Some bipedal ones hoof and bark, too.
But the real sight lies in late-spring, when crickets sing sweet love songs.
Frogs open swampy lungs and sing horror soundtracks in the warm, wet twilight.
Birds and backyard cats sing the love songs of lovemaking in the early AM fuzz.
Yes, spring.
When things are renewed.
When nature splits open like the chest of a Xenomorph host and spreads love all over everybody.
Scenes of wonder.
Scenes of chaos.
Scenes of grandma making pies to sit in the windowsill, hot like Dante's hellfire.

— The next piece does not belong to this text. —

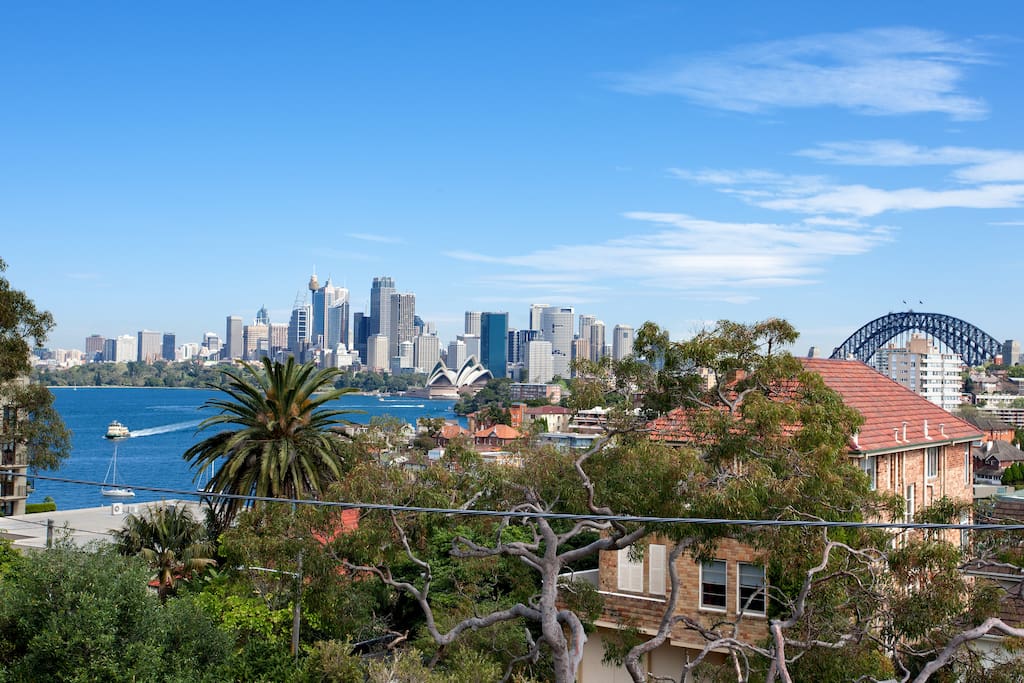 Sydney Harbour views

Waiting for them to cool down like Zeus' anger against all them women and animals he screwed but never got love back from.
But the real beauty of Sycamore County happens by a small field in the pastoral aura of a pollen-induced dreamscape.
People gather around the bonfires.
Dressed in Sunday best and weekend worst.
Parading around like a beer-swilling Narcissus.
Prideful and wanton:
A plebeian pantheon of flannelled fury and desire.
This is the hell they have created.
The unholy.
The wanderlust of petroleum and adrenaline.
A Mad-Maxian Thunderdome built on straw and grass.
And unwarranted blood lust.
The 23rd Annual Memorial Tri-County Lawnmower Invitational.
These faces in the crowd; like petals on a wet, black bough.
A wet, black bough of mob mentality thick, like molasses.
Thick like a gut after a Thanksgiving feast of regret and familial obligations.
And their jeers are fueled with that Thanksgiving mob molasses.
You see, the riders are taking to their lanes.
They've put their quarter in the Wal-Mart horsey machine to ride their steel stallions into battle.
But the other racers are nervous.
Shaking like a gorilla staring down the throat of a black hole set upon a rose.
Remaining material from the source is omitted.